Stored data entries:
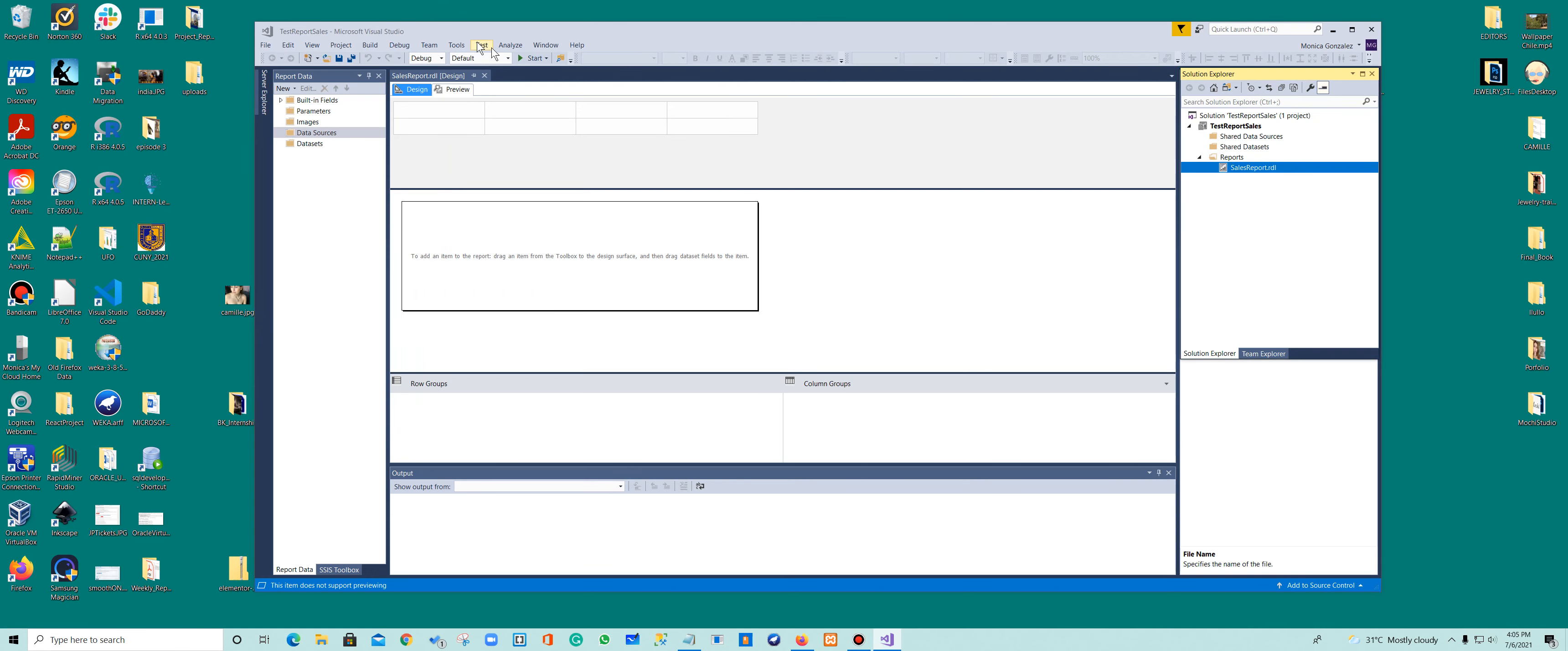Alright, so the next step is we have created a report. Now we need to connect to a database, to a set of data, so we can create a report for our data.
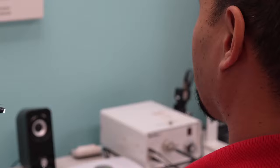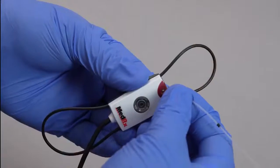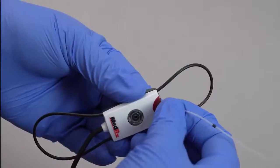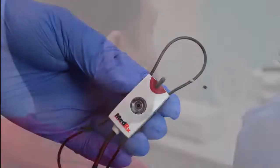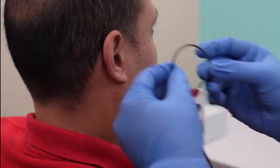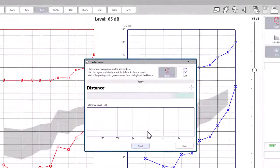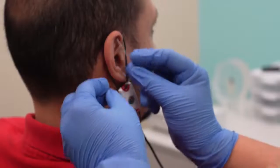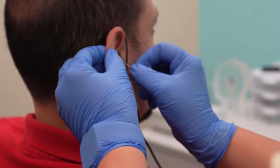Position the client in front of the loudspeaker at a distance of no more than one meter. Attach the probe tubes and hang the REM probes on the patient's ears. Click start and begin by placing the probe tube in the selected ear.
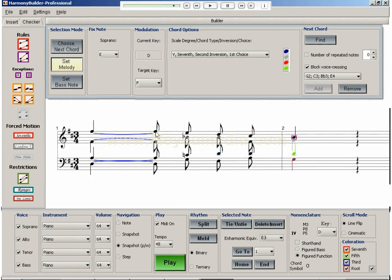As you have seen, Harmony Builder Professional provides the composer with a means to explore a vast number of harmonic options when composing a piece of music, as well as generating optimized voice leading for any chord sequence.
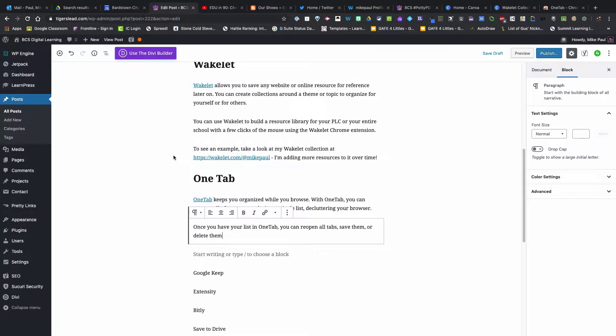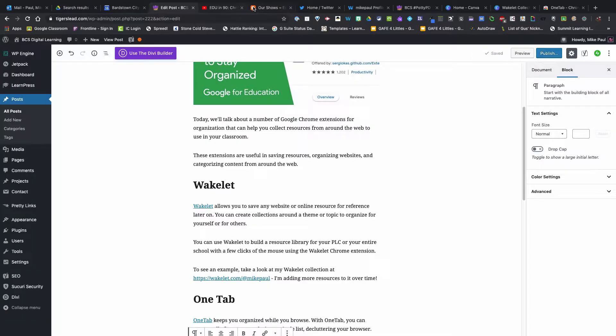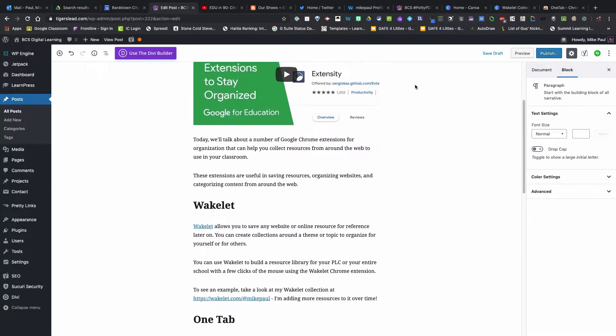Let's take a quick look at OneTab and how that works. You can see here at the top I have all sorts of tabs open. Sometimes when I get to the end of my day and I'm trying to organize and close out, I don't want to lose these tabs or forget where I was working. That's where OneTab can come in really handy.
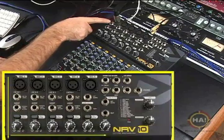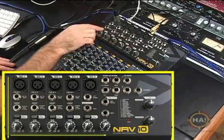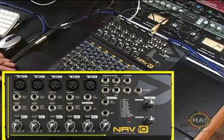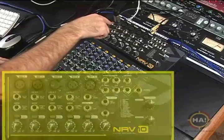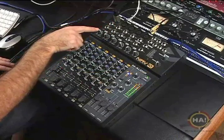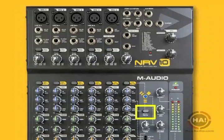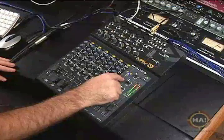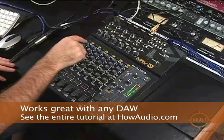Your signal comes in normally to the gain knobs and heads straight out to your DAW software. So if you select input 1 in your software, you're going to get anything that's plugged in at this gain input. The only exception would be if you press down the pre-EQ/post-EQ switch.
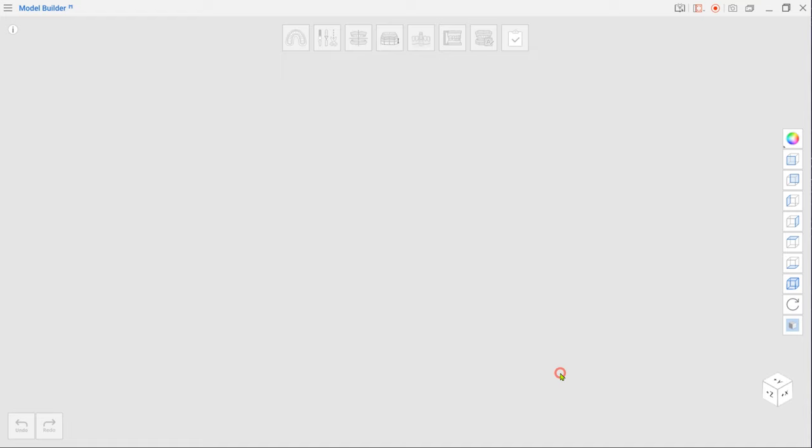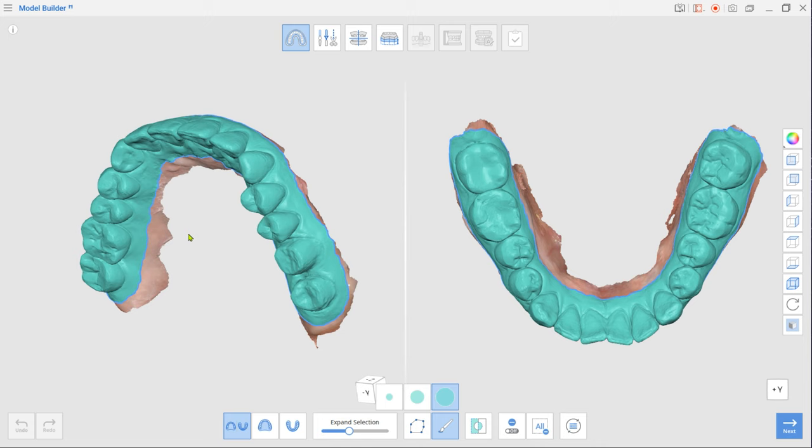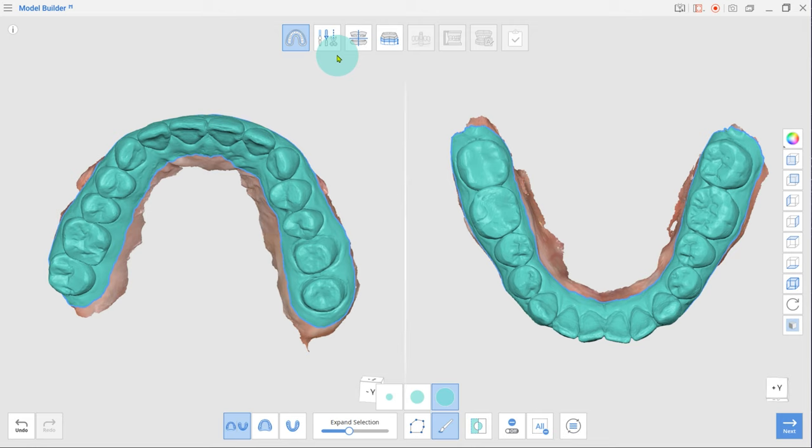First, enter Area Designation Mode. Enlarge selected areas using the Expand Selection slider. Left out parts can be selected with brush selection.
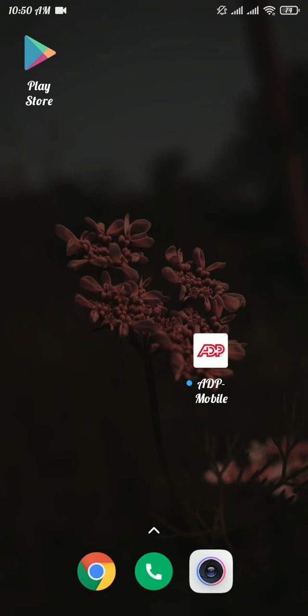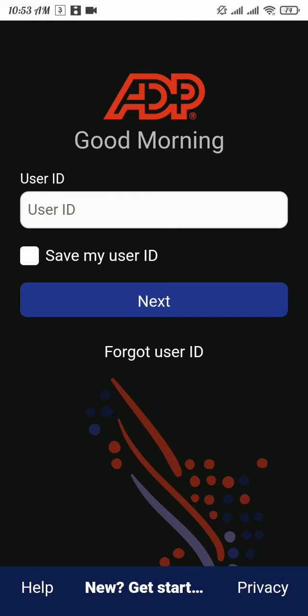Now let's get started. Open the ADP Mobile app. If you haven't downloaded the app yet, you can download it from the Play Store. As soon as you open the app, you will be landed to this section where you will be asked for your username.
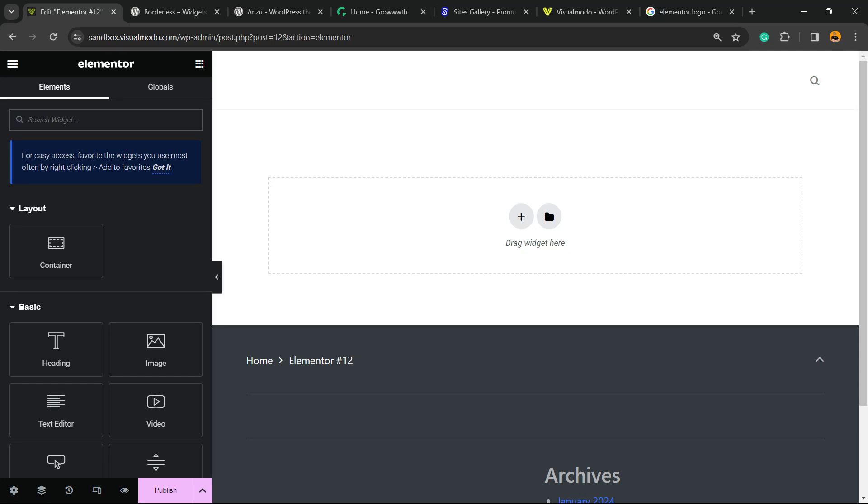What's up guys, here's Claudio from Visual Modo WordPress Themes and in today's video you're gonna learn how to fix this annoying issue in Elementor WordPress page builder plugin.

- [Task brief]
No pictures should appear in the copy. Print exactly the lines above from the line containing "First, enter Area" through the last line of the data.

- [Answer box]
First, enter Area Designation Mode. Enlarge selected areas using the Expand Selection slider. Left out parts can be selected with brush selection.
Now let's get started. Open the ADP Mobile app. If you haven't downloaded the app yet, you can download it from the Play Store. As soon as you open the app, you will be landed to this section where you will be asked for your username.
What's up guys, here's Claudio from Visual Modo WordPress Themes and in today's video you're gonna learn how to fix this annoying issue in Elementor WordPress page builder plugin.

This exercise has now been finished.